Lagos: Between Screeching and Crowing

Tony Monye

Lagos is different. Because it is different there is an urgent need for the nation’s former capital and its commercial heartbeat to review how it views itself. At the TMBC Business, we understand that both the need and the choice for the city to deliberately hug a paradigm shift are quite stark, cogent, pressing and burning. Thus far, the extant ways Lagos views itself have been nothing short of inappropriate, opportunity-evading, archaic and self-limiting. Our dear Lagos is ill-advisedly attempting to speed forward by gazing into the rearview mirror. Views, regardless of our individual slants, are extremely important and cannot be easily discountenanced. What we see defines and shapes our comprehension and response mechanisms. Truly, views can be demanding, rewarding and punishing as one of the cornerstones of actions.
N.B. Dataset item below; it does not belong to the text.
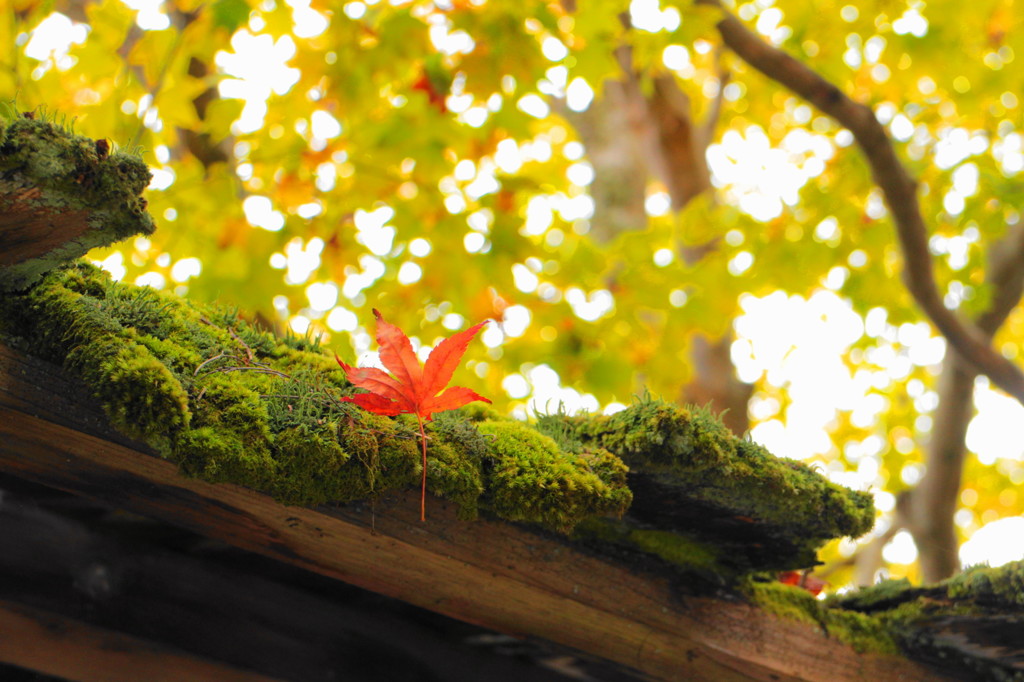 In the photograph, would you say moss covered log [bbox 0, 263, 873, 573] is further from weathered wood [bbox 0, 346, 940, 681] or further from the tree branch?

Views, as we know, can present some awesome or awful expositions. On the surface, the four-lettered word – view – appears simple, defining sight but that, in no way, completely spell its power to illuminate and become the causal energy behind actions. Views shape perceptions, offer vent and strength and even form our sense of missions and visions and the follow-through actions to the attainment of objectives. Appropriacy, or otherwise, of views, therefore, has got its consequences. At the moment, strangely and sadly, Lagos views itself as so much less; more of a chicken when in fact it is supposed to be like the king of all feathery fellows – the imperial eagle. Lagos proudly hobnobs with the other ‘fowls’, crowing when it is supposed to be the lone-flying eagle, screeching. Instead of Lagos embracing the elegance, candour and grace of the eagle, the centre of excellence is firmly holding the shiftless and guardedness persona of the chicken. Instead of Lagos espousing the typical royal and inspiring voyage of the eagle, it is forcefully clutching the characterless and shabby short flight of the local fowl. That is the Lagos we experience daily.
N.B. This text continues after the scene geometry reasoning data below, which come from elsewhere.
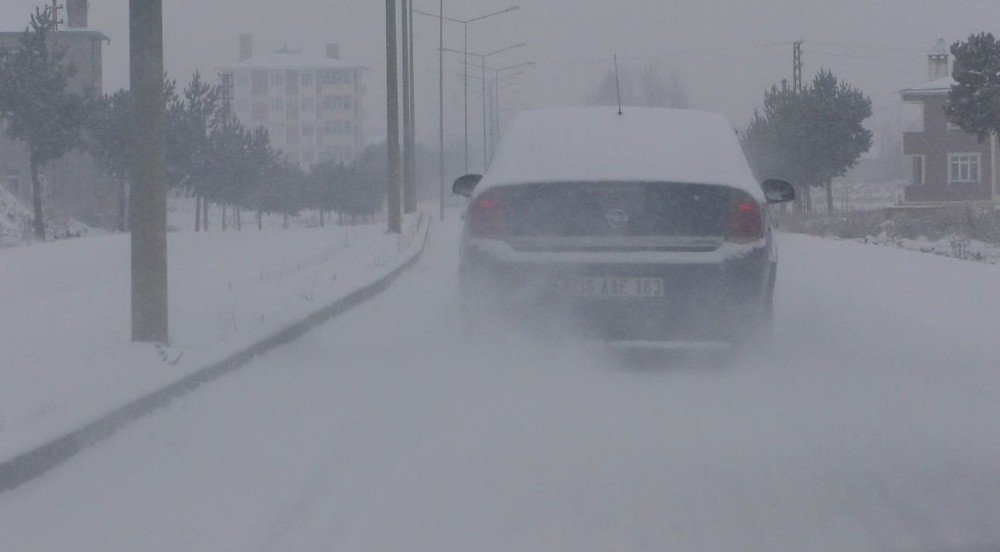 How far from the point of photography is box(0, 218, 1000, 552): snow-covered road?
4.64m

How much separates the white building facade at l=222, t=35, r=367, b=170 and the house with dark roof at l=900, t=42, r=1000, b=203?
3660 inches

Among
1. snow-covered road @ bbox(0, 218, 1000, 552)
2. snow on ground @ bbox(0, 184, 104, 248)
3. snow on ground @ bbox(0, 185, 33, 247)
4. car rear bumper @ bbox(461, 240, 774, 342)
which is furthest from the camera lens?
snow on ground @ bbox(0, 184, 104, 248)

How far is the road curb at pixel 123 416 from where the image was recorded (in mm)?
5227

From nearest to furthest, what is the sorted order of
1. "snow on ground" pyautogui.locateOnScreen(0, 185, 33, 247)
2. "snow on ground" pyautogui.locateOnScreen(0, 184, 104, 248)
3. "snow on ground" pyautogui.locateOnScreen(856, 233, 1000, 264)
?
"snow on ground" pyautogui.locateOnScreen(856, 233, 1000, 264) < "snow on ground" pyautogui.locateOnScreen(0, 185, 33, 247) < "snow on ground" pyautogui.locateOnScreen(0, 184, 104, 248)

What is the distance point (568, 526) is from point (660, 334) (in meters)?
3.23

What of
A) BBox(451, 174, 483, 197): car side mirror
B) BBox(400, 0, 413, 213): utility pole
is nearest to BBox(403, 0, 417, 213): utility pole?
BBox(400, 0, 413, 213): utility pole

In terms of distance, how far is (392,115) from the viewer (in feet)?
82.4

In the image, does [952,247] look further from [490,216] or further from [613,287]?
[490,216]

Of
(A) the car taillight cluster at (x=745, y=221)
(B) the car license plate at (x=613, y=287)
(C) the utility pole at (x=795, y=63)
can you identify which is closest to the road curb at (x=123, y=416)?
(B) the car license plate at (x=613, y=287)

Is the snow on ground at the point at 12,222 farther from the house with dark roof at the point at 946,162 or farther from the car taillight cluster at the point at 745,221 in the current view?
the house with dark roof at the point at 946,162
A slothful Lagos consistently compares itself poorly. The city benchmarks itself against Port Harcourt, Asaba, Kano, Ibadan, Akure and the rest of the horde. Lagos even views itself more from the booth of a state – like Rivers, Delta, Anambra or Jigawa. Internationally, the land of rich aquatic splendour likens itself to Lusaka, Cotonou, Accra, Nouakchott etc. when, under the torchlight of economic appraisals, none of them are in any way like Lagos. As the awkward chicken, Lagos invents and sustains programmes of significantly less value. For instance, the Thursday environmental exercise for markets, which impoverishes traders. The loss of 12 man-hours every month has both tax and wealth implications. The cancellation of the exercise present job creation opportunity as professional cleaners can be engaged. As a graceless fowl, instead of hastily embracing its meta-city and growing cosmopolitan status, Lagos is harping its glorious tribal past. To deny this is to rebut one of its essences. The various administrations’ slogans have remained tribal in spite of the greater wisdom, which should disclose and revel in inclusiveness. Viewing Lagos as a tribal enclave bears very little berries.
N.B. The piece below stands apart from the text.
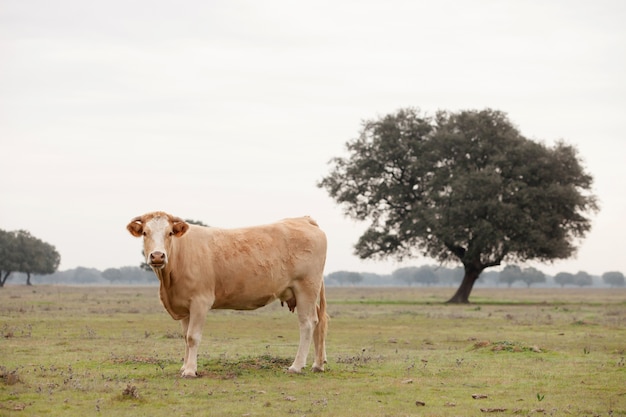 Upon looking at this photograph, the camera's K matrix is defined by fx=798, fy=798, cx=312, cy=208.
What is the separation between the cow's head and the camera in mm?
13523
It is time Lagos went for a paradigm shift in views. Lagos should discontinue playing tone-deaf to the challenging and quixotic loud calls from international capitals like Berlin, Paris, London and Tokyo etc. The city should view itself a lot more, embodying and displaying the genetics of the eagle rather than exhibiting the transmissible traits of the chicken. Lagos should embrace multiculturalism (in dictating and shaping plans, thoughts, policies and visions) for it is another source of unbelievable growth. In its best context Lagos is a mini-Nigeria. A stitch in time, they say, halts nine.